Show that $\sum\limits_{k=0}^n\binom{2n}{2k}^{\!2}-\sum\limits_{k=0}^{n-1}\binom{2n}{2k+1}^{\!2}=(-1)^n\binom{2n}{n}$ How can I prove the identity: 
$$
\sum_{k=0}^n\binom{2n}{2k}^2-\sum_{k=0}^{n-1}\binom{2n}{2k+1}^2=(-1)^n\binom{2n}{n}?
$$
Maybe, can we expand
$$
f(x)=(1+x)^{2n}?
$$
Thank you.
 A: This is simpler if you rewrite your left hand side as
$$
  \sum_{k=0}^n\binom{2n}{2k}^2-\sum_{k=0}^{n-1}\binom{2n}{2k+1}^2=
  \sum_{i=0}^{2n}(-1)^i\binom{2n}i^2=
  \sum_{i=0}^{2n}(-1)^i\binom{2n}i\binom{2n}{2n-i}
$$
first. So you are looking for the coefficient of $X^{2n}$ in the product $(1-X)^{2n}(1+X)^{2n}=(1-X^2)^{2n}$, which is the same as the coefficient of $Y^n$ in $(1-Y)^{2n}$. That coefficient is clearly $(-1)^n\binom{2n}n$.
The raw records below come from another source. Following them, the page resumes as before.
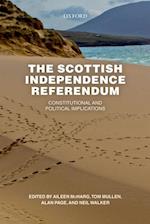 Scottish Independence Referendum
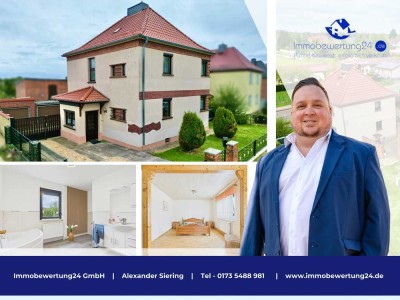 Wo Geschichte auf modernen Wohntraum trifft –Komplett Saniert/Renoviert mit Herz in Wolmirstedt.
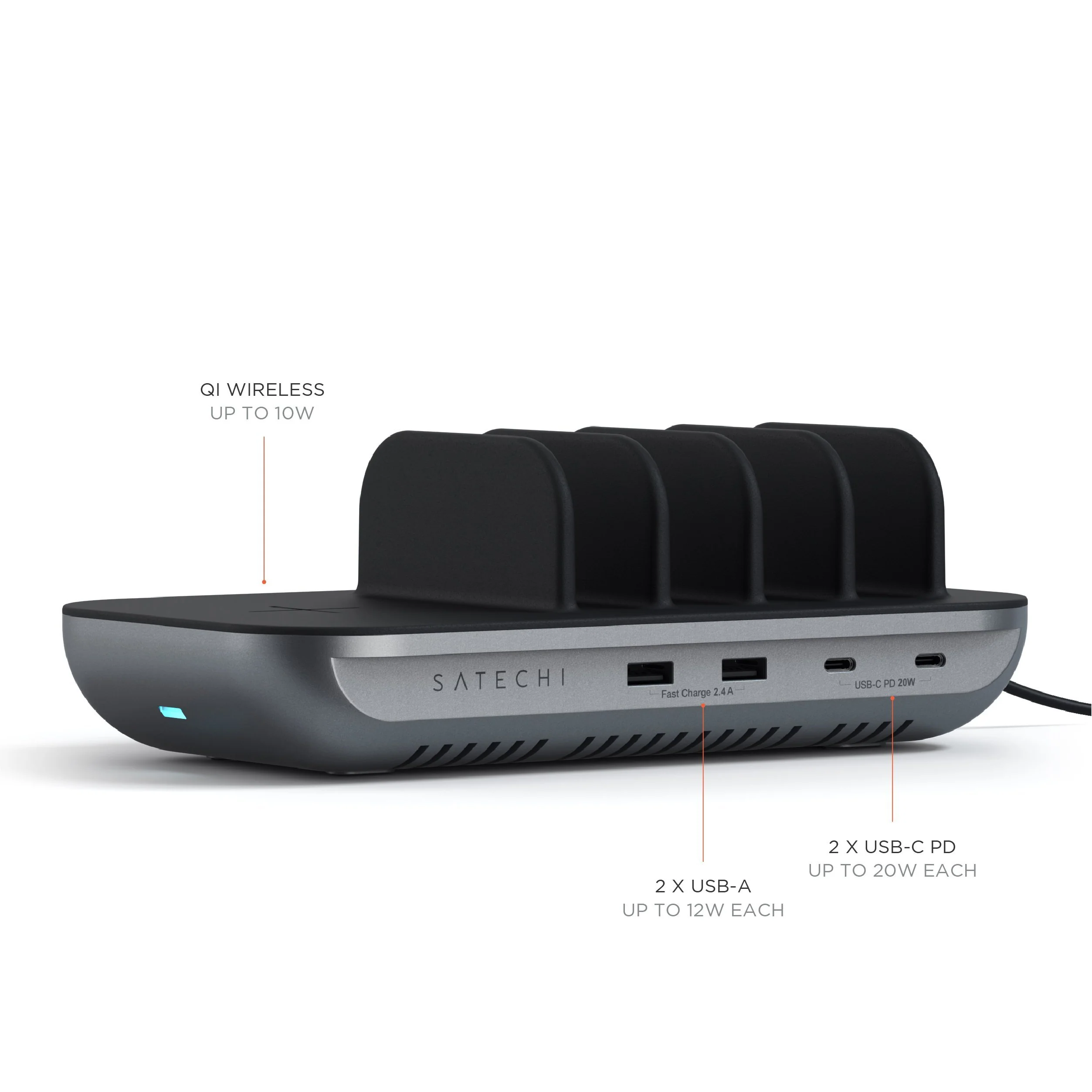 Satechi Việt Nam – Phụ kiện công nghệ cho Apple & Devices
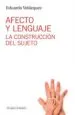 AudioLibro Afecto y Lenguaje de Eduardo Velazquez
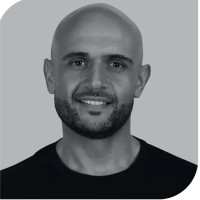 Enable U Employee Cemil Degermenci's profile photo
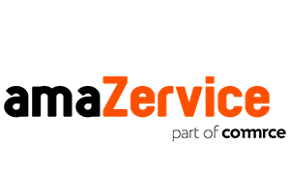 Logo von amaZervice.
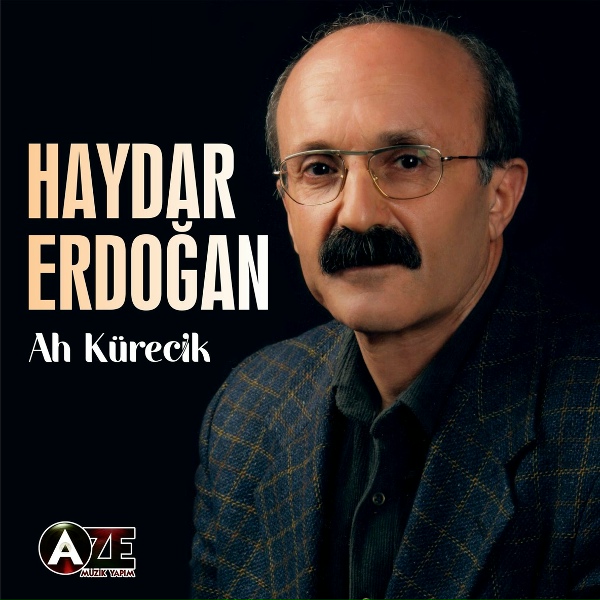 Haydar Erdoğan - &Ouml;mr&uuml;m&uuml;n Baharı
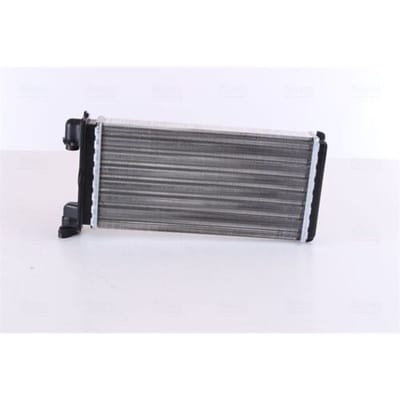Warmtewisselaar, interieur verwarming NISSENS 70501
Note that one could replace $2n$ by $m$ and allow it to be odd, if one takes the right hand side to be$~0$ in that case. The proof remains the same, remarking that there is obviously no term $X^m$ in $(1-X^2)^m$ when $m$ is odd. 
Let me also give a combinatorial proof (since that tag is given). Given $m$ mixed-sex couples, the left hand side counts the number of gender-balanced subsets (containing equally many women as men), counted with a factor$~{-}1$ if that number for each sex is odd. In this counting, the subsets that do not contain exactly one member of each couple cancel out as follows: for such a subset, find the first couple of which which not exactly one member was selected, and add or remove the couple to obtain a cancelling subset; this operation is clearly a gender parity respecting involution. So we are left with as un-cancelled contributions those from the gender-balanced subsets with one member from each couple, which subsets are clearly of size$~m$. If $m$ is odd then no subsets at all remain, as gender balance is impossible. If $m$ is even then each remaining gender-balanced subset is counted with sign $(-1)^{m/2}$and it is determined by the $m/2$ women it contains (it is completed by the men from the other $m/2~$couples), so there are $\binom m{m/2}$ of them.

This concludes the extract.